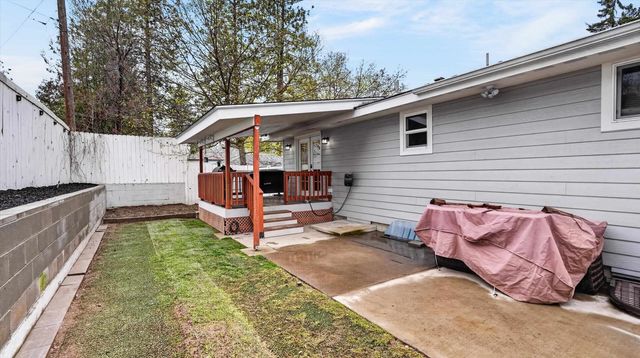 3033 W Litchfield Pl, Spokane, WA 99205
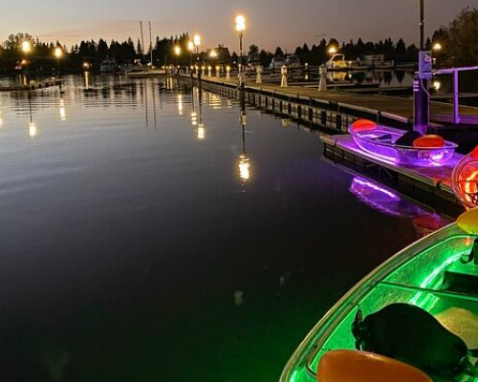 Evening LED Glow Clear Kayak Tour in Lake Tahoe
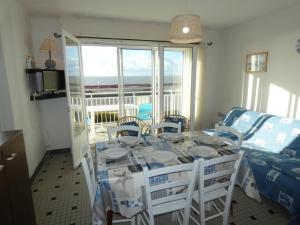 Balkón nebo terasa v ubytování Appartement vue mer à Notre-Dame-de-Monts - 5 personnes, animaux - FR-1-540-147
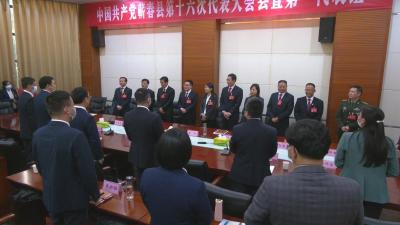 视频︱县领导看望出席县第十六次党代会代表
+ + +
Exercise objective:
All the material above should be written out exactly, with images omitted.

Response box:
 3033 W Litchfield Pl, Spokane, WA 99205
 Evening LED Glow Clear Kayak Tour in Lake Tahoe
 Balkón nebo terasa v ubytování Appartement vue mer à Notre-Dame-de-Monts - 5 personnes, animaux - FR-1-540-147
 视频︱县领导看望出席县第十六次党代会代表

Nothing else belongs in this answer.